# Loading data with PyTorch
In this notebook we will investigate a few different ways to handle data with PyTorch on Alvis.

## Using your own data
In many cases you have a dataset in mind that you've already acquired and are keeping in your home folder or perhaps more probable in a storage project.

In this section we will use the dataset in `data.tar.gz`, first let us take a look at it.

### The file tree
To see what is contained in a tar file the command `tar -tf my_tarfile.tar` is useful. However, we might want to specifically know some things about the directory structure and filenames. This is done in the below script.

In [None]:
%%bash
# This will find the directories and files that do not have names ending with .png
# and then count the number of files with names containing ".png" for each of these
echo " #Files   Path"
echo "=================="
for dir in $(tar --exclude="*.png" -tf data.tar.gz); do
    n_files=$(tar -tf data.tar.gz --wildcards "$dir*.png" | wc -l)
    printf "  %5s   %s\n" "$n_files" "$dir"
done

# List the 5 first and last png filenames in /data/1/
echo  # New line
echo " Typical filenames"
echo "==================="
tar -tf data.tar.gz --wildcards --no-anchored "data/1/*.png" | (head -n 5; echo "..."; tail -n 5)

***NOTE:*** For this tar file there were "only" 60000 files, for archives that are much larger these operations will mean a significant FileIO and should be avoided as much as possible. If there is a README in connection with the dataset it is wise to take a look at it.
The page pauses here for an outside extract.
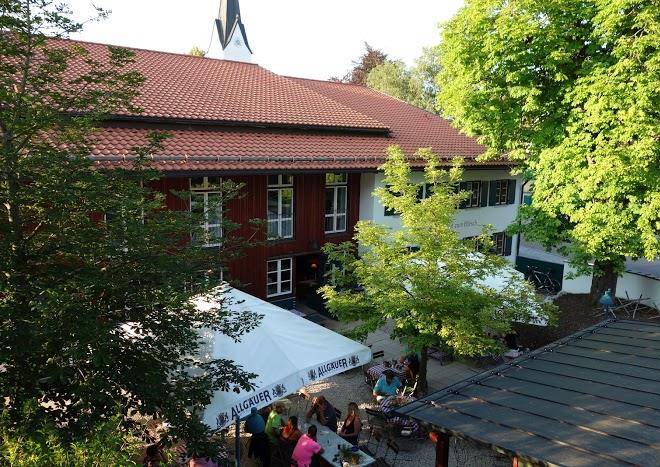 Gasthof zum hirsch restaurant biergarten festsaal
### Looking at some of the data
Now we know the file structure of the data. Let us now get acquainted with the data a bit.

First extract a small subset of the images.

In [None]:
%%bash
# Extract the first 49 files
tar -xvf data.tar.gz --wildcards "data/*/im-000[0-4]?.png"

Now let us take a look at these.

In [None]:
from glob import glob
import matplotlib.pyplot as plt
import matplotlib.image as mpimg
%matplotlib inline

fig, ax_grid = plt.subplots(7, 7, figsize=(15, 15))
for ix, ax in enumerate(ax_grid.flatten()):
    # Get path to file and label
    filepath = glob(f"data/*/im-{ix:05d}.png")[0]
    _, label, filename = filepath.split("/")
    
    # Add to axis
    img = mpimg.imread(filepath)
    ax.imshow(img)
    ax.set_title(f"Digit {int(label) - 1}")

fig.tight_layout()

Note that the labels are offset by 1 compared to the digits. The dataset is actually a modified version of the MNIST handwritten digit training database. The images have been shrunk to only 9x9 pixels and monochrome images to reduce the size of the dataset.

### Training a classifier from this data
Now we have some understanding of what the database does and we are ready to do some ML on it.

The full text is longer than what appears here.